Object 221
The Balaklava Submarine Base Tour was cool….but there was still a rather sanitised regimented feel about the whole thing.
I wanted to get down and dirty with my Soviet explorations..
Object 221 …..what was slated to eventually become…
The USSR Black Sea Naval Reserve Command Complex..
Some 18km from Balaklava, tucked away and forgotten on a mountainside is the unfinished Black Sea Naval Command Complex. It was reported to have been about 80% completed when the Soviet Union collapsed and the site was subsequently abandoned.
There are no signposts, if you Google it there is only a few obscure entries regarding its existence….mainly in Russian.
It was always supposed to be secret……and it remains relatively so to this day. Before I left on this trip I emailed the Russian guy who had posted pics on his site called Abandoned Russia which showed military bases and equipment scattered across the former Soviet Union.

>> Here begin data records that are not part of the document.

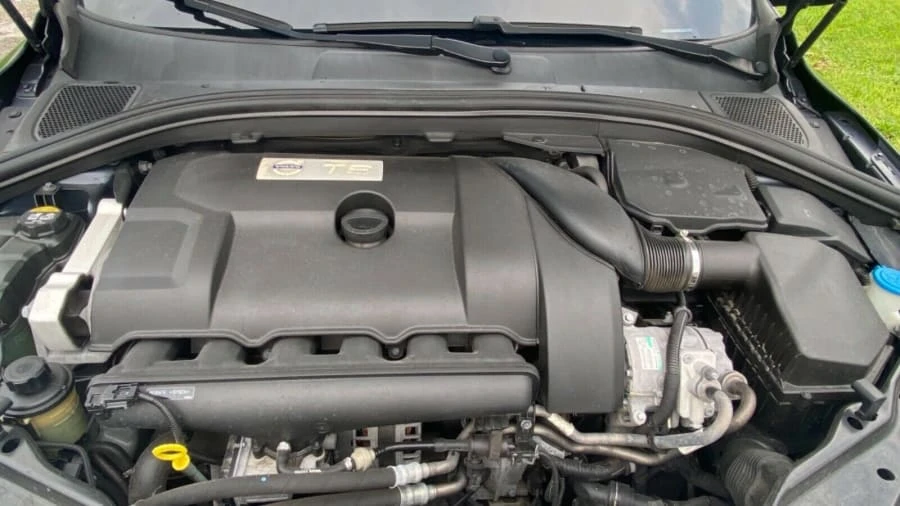2014 Volvo XC60 1st Gen - Image 8 of 13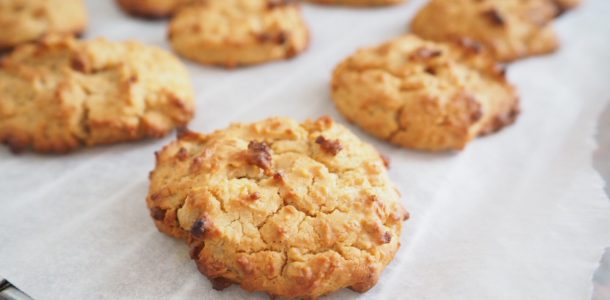 Four Ingredient Peanut Butter and Chickpea Cookies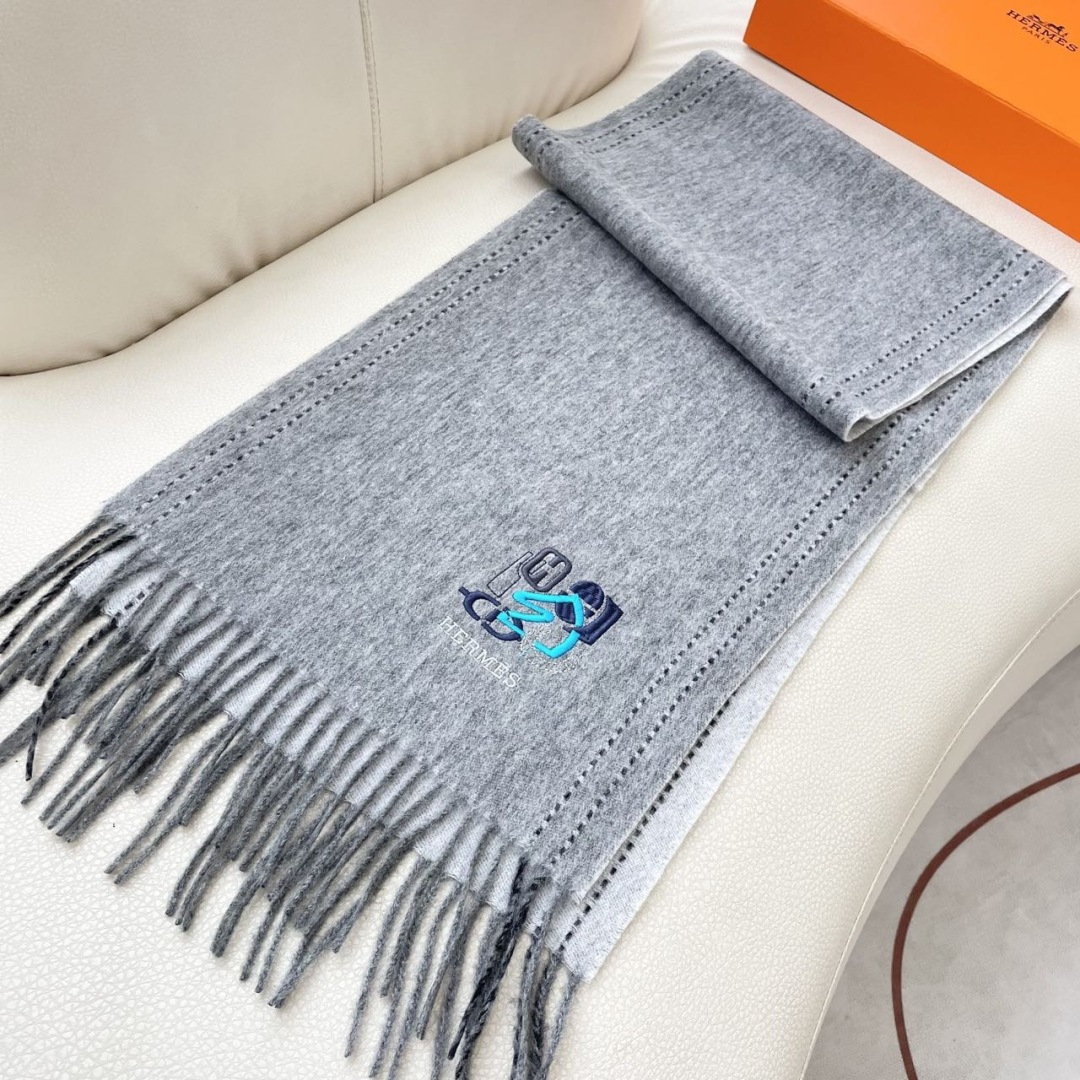 上新2025爱马仕双面男女款围巾且买且珍惜😍~都是出口订单所以比较难遇❤️东西讲究少而精😍好看的一定要收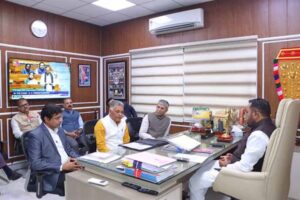 केंद्रीय आयुष राज्य मंत्री (स्वतंत्र प्रभार) श्री जाधव से मिले, आयुष मंत्री  इन्दर सिंह परमार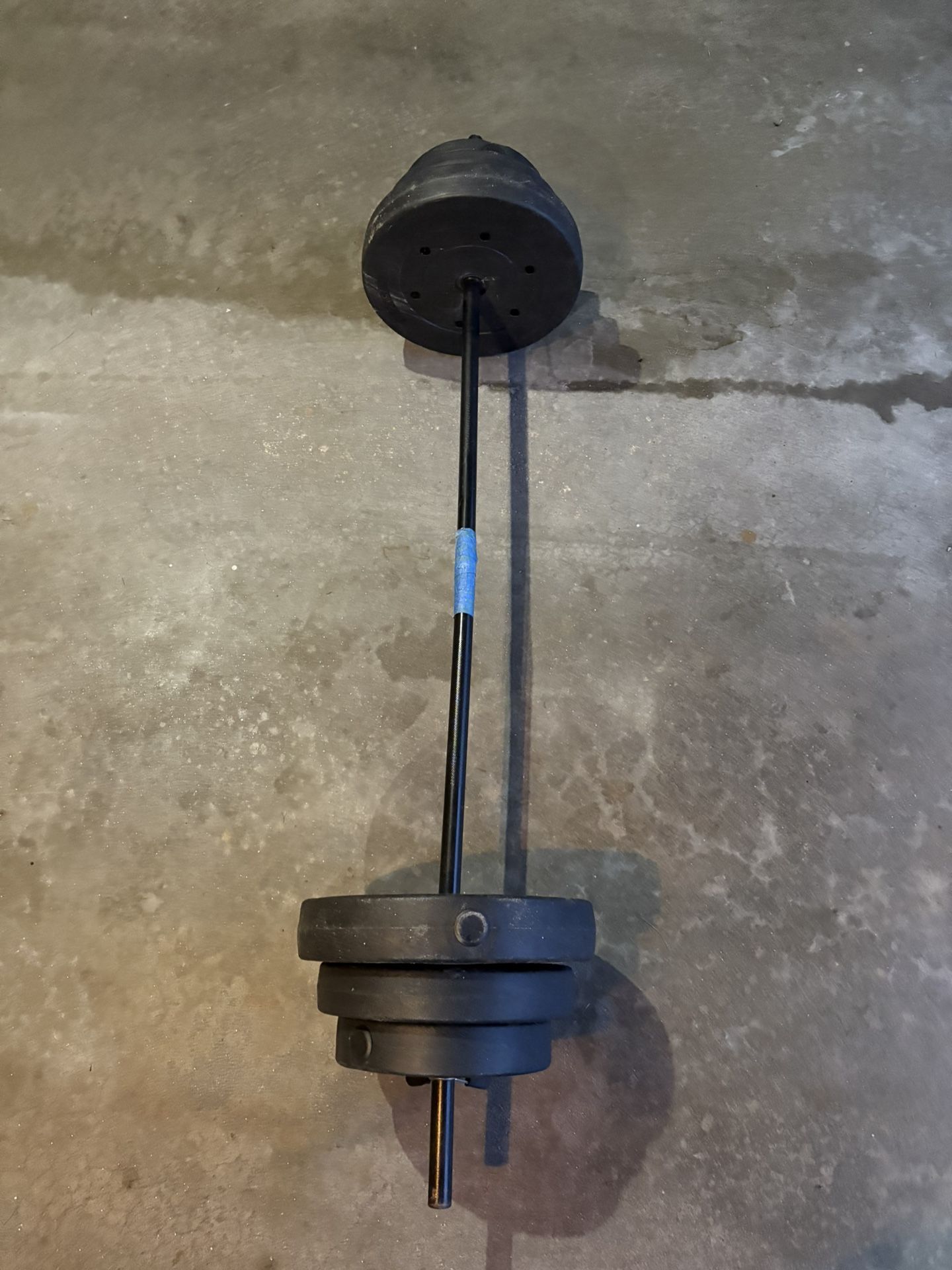 100 lb Vinyl Weight Set + Barbell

I asked him for some recommended sites and their GPS coordinates….he put me on to this place.
While driving around the back roads looking for some sign of it I came across Nicolai and Artim who spend their time restoring WWII era Russian GAZ military jeeps!…they were quite interested in the truck…..very cool was the final verdict.


I finally found the outskirts of the complex…..

The road had been thoroughly blocked so I made my way on foot up the hill……

From the valley floor the installation was supposed to look like a collection of the usual anonymous government–type buildings spread across the mountain side.
The largest building was the Administration block…..

There are building of various sizes scattered around the site….


…there are several large flat accessible ‘parking areas’ flanking the main thoroughfare

Further up the winding access road……
A gatehouse checkpoint…….

This was probably a vehicle pool/garage

Still higher……past some massive concrete retaining walls…

Then, about 200metres from the summit I round a bend and come across the building at the highest elevation and only just visible in the distance from the valley floor…..


The building is a simple yet vast concrete block….with the windows, which are visible from the valley, simply painted on the exterior so it looks like a normal building…..

Moving further inside the scale and purpose of the complex becomes apparent……



This was to be the command bunker complex for Soviet Black Sea Naval Operations in the case of nuclear conflict.
With the mountain protecting the flank and views that command the valley in its entirety, the ‘parking areas’ with their massive foundations begin to look more like launch sites for mobile Surface to Air missile launchers and anti aircraft batteries…….

Inside a tunnel which could easily accommodate….

a Russian Kamaz military transport….

….bore deep inside the mountain…..
At certain intervals there are sally-port entrances where one wouldn’t be able to pass until the door behind was secured….possibly as air-locks to prevent contamination.

These hinges are similar to the ones on the nuclear blast doors in the submarine base at Balaklava….

There is a sub floor basement running below the floor for water/power/communication systems.

The tunnel complex has various ante-rooms off the main thoroughfare.

The deeper I venture the tunnel starts to split in various directions….in all I come to 9 different forks in the tunnel….with each new tunnel spawning further forks and further tunnels.


Some angle downwards or upwards to various level…..

It was becoming rather disorientating in the pitch black, with the temperature dropping the further I went…..
Finally after over 1000metres I came to the end of construction of the tunnel I was in……

Soviet gas mask hanging on the wall……

As I rounded a corner to another fork in the tunnel, ready to retrace my route I noticed there was the faintest pinprick of light at the end of the tunnel about 400 metres away……

Upon investigating I came to an entrance which had been purposely blocked up…….

And as I walked past and around a few more corners I came out into the blinding sunlight……

In front of the huge concrete bunker……
…but not the same one I entered!
As I walked back over the hill some 800 metres I came back to the first bunker entrance…just like the submarine base in Balaklava the complex burrows deep under the mountain in an arc and exits further along the mountainside.

Again, designed to withstand a direct nuclear attack I think this complex and the Balaklava submarine base indicates much regarding the military posture of the USSR even as late as 1989 when construction here was halted…..
Both designed to survive a direct nuclear attack, the submarine base was designed to protect existing subs rather than build more submarines and the Command Complex being built to such fortified standards as recently as the late 1980’s shows the fear of nuclear conflict that the USSR was operating under.
It would be fair to say that the US had completed its nuclear-proof installations in the 1960’s directly after the Cuban missile crisis. That the Soviets were constructing defensive installations like this in the 1980’s is extraordinary…they apparently perceived the US, NATO, and ‘the West’ as a direct nuclear threat right up to the collapse of the system in 1991.
Hardly seems like the mindset of an expansionist aggressor state like we in the west were always told?